4大宗教の「食の規定」とカニバリズムの関係とは? アステカの神々が人肉を求める驚きの理由
2022年11月11日(金)7時0分 tocana
人類の3大本能は、食欲、睡眠欲、性欲である。しかし「目に見えないもの」に関する本能がある。それが愛や信仰心、いわば精神的・宗教的な本能だ。世界にはさまざまな宗教があるが、4大勢力は人口の順にキリスト教、イスラム教、ヒンズー教、無宗教だといわれる。
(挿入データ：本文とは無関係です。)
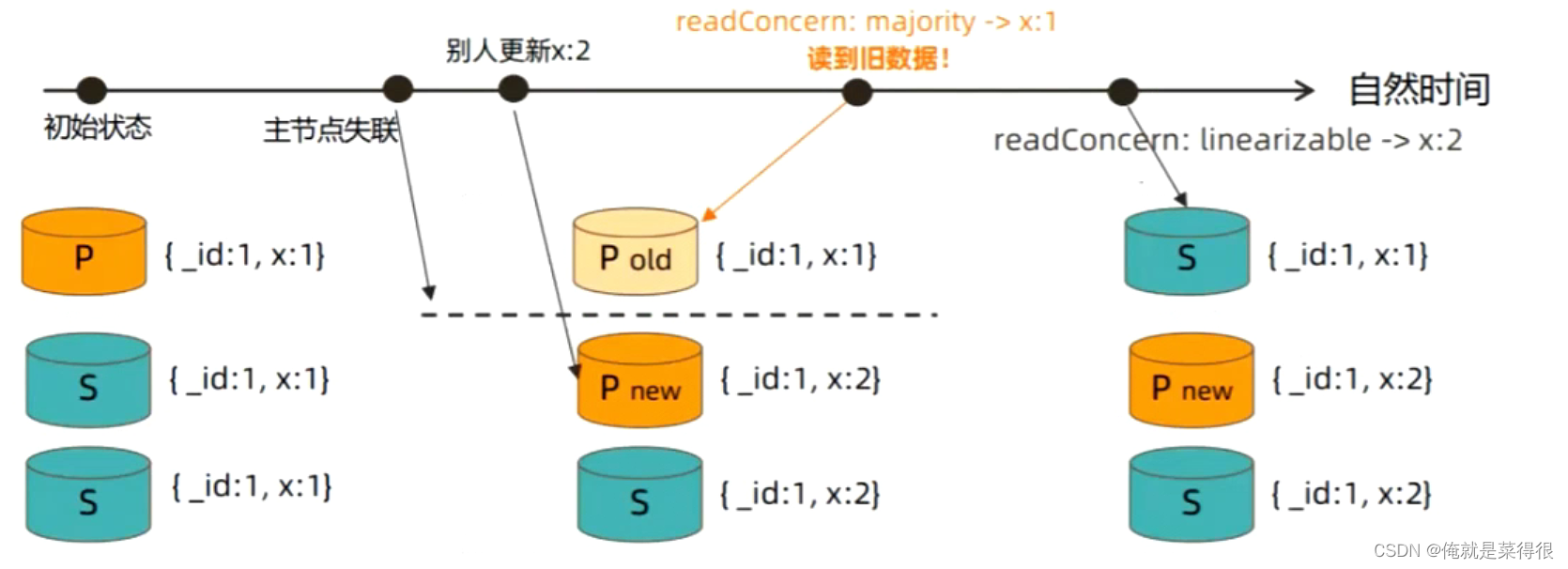 mongodb分片集群迁移数据过程_数据库_19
では、これらの宗教と人間の本能「食欲」は、どのように関わっているのか。それぞれの宗教における食事規定について考えてみたい。
キリスト教の食事規定
世界最大の人口を従えるキリスト教は、驚くほどに食物規定が存在しない。そもそもミサ/礼拝のたびにワインを嗜む宗教である。特別な祝祭日を除いては、断食の期間や禁止の規定はみられない。肉も魚もピザも酒も食べ飲み放題である。一方プロテスタントの一部が飲酒を禁止、またアメリカで誕生した分派モルモン教がカフェイン入り飲料を禁止している。
ユダヤ教の食事規定
キリスト教とイスラム教の兄貴分にあたるユダヤ教にも禁止食物がある。それを「コーシャー」という。では、何が禁止されているのか。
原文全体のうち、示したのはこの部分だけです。